6. The method of claim 1, wherein the abnormal condition related to microbiota is a colorectal disease selected from the group consisting of Colorectal Cancer, Ulcerative Colitis, Crohn's Disease, Irritable Bowel Syndrome (IBS), Diverticular Disease, Hemorrhoids, Anal Fissure, and Bowel Incontinence.

7. The method of claim 1, wherein the sequencing reads are obtained via a next-generation sequencing method or a next-next-generation sequencing method.

8. The method of claim 1, wherein the cutoff value is obtained by a Receiver Operator Characteristic (ROC) method, wherein the cutoff corresponds to the value when the AUC (Area Under the Curve) is at its maximum.

9. The method of claim 1, wherein the sample is a feces sample, a nasal cavity swab, a buccal swab, a skin swab or a vaginal swab.

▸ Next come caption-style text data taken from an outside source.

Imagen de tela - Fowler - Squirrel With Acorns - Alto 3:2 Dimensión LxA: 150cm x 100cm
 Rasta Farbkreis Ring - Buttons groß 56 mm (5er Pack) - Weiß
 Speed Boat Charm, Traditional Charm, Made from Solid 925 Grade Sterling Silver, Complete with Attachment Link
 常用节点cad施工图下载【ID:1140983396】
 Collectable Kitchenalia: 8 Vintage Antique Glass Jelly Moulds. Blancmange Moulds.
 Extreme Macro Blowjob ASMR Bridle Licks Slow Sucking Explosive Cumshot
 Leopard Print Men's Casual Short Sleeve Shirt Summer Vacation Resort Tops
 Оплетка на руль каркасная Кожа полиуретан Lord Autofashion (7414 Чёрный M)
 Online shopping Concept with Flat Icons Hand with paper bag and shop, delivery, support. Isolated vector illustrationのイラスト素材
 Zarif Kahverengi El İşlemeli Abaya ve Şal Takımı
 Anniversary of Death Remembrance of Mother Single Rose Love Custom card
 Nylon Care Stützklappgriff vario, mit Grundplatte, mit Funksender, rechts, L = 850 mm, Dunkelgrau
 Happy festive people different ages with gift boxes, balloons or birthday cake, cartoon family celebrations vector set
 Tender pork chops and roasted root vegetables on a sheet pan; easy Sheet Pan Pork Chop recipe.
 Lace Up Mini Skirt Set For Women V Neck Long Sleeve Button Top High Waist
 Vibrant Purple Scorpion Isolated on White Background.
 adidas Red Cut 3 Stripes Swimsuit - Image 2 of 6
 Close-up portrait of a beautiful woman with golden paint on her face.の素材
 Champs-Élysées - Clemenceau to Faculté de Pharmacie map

10. The method of claim 1, wherein the sequencing reads are obtained via steps comprising:

1) collecting the sample j from the subject;

2) extracting DNA from the sample;

3) constructing a DNA library; and

4) sequencing the library.

11. A method, comprising:

1) obtaining sequencing reads from sample j of the subject, wherein the sample j comprises microbiota;

2) mapping the sequencing reads to a human gut gene catalog and deriving a gene profile from the mapping result;

3) determining the relative abundance of each of the gene markers listed in SEQ ID NOs: 1-31; and

4) calculating an index of sample j using the following formula:

I_{j} = [\frac{\sum_{i} ϵ_{N} \log 10 (A_{ij} + 10^{- 20})}{\langle N \rangle} - \frac{\sum_{i} ϵ_{M} \log 10 (A_{ij} + 10^{- 20})}{\langle M \rangle}],

wherein:

A_ijis the relative abundance of marker i in sample j, wherein i refers to each of the gene markers listed in SEQ ID NOs 1-31,

N is a subset of all of colorectal cancer (CRC)-associated gene markers and M is a subset of all of the control-associated gene markers,

wherein the subset of CRC-associated gene markers and the subset of control-associated gene markers are shown in Table 1, and

5) identifying the subject as having or being at a risk of developing CRC when the index is greater than a cutoff, and

12. The method of claim 11, wherein the cutoff value is obtained by a Receiver Operator Characteristic (ROC) method, wherein the cutoff corresponds to the value when the AUC (Area Under the Curve) is at its maximum.

13. The method of claim 12, wherein the value of the cutoff is −0.0575.

14. The method of claim 11, wherein the sequencing reads are obtained via steps comprising:

1) collecting the sample j from the subject;

2) extracting DNA from the sample;

3) constructing a DNA library; and

4) sequencing the library.

15. A method of diagnosing whether a subject has colorectal cancer or is at the risk of developing colorectal cancer (CRC), comprising:

1) obtaining a feces sample j from the subject;

2) measuring the abundance information of each marker gene in a gene marker set comprising at least two genes selected from the group consisting of SEQ ID NOs: 1 to 31 in sample j using quantitative PCR;

3) calculating an index of sample j using the following formula:

I_{j} = [\frac{\sum_{i} ϵ_{N} \log 10 (A_{ij} + 10^{- 20})}{\langle N \rangle} - \frac{\sum_{i} ϵ_{M} \log 10 (A_{ij} + 10^{- 20})}{\langle M \rangle}]

wherein:

A_ijis the relative abundance of marker i in sample j, wherein i refers to each of the gene markers of the gene marker set,

4) identifying the subject as having or being at a risk of developing CRC when the index is greater than a cutoff, and

5) modifying the risk by altering metabolic, immunological, or developmental pathways in subject.

16. The method of claim 15, wherein the cutoff value is obtained by a Receiver Operator Characteristic (ROC) method, wherein the cutoff corresponds to the value when the AUC (Area Under the Curve) is at its maximum.

17. The method of claim 16, wherein the value of the cutoff is −0.0575.

18. The method of claim 15, wherein the gene marker set comprises at least three of the genes in SEQ ID NOs: 1-31.

19. The method of claim 15, wherein the gene marker set comprises at least four of the genes in SEQ ID NOs: 1-31.

20. The method of claim 15, wherein the gene marker set comprises the genes in SEQ ID NOs: 1-31.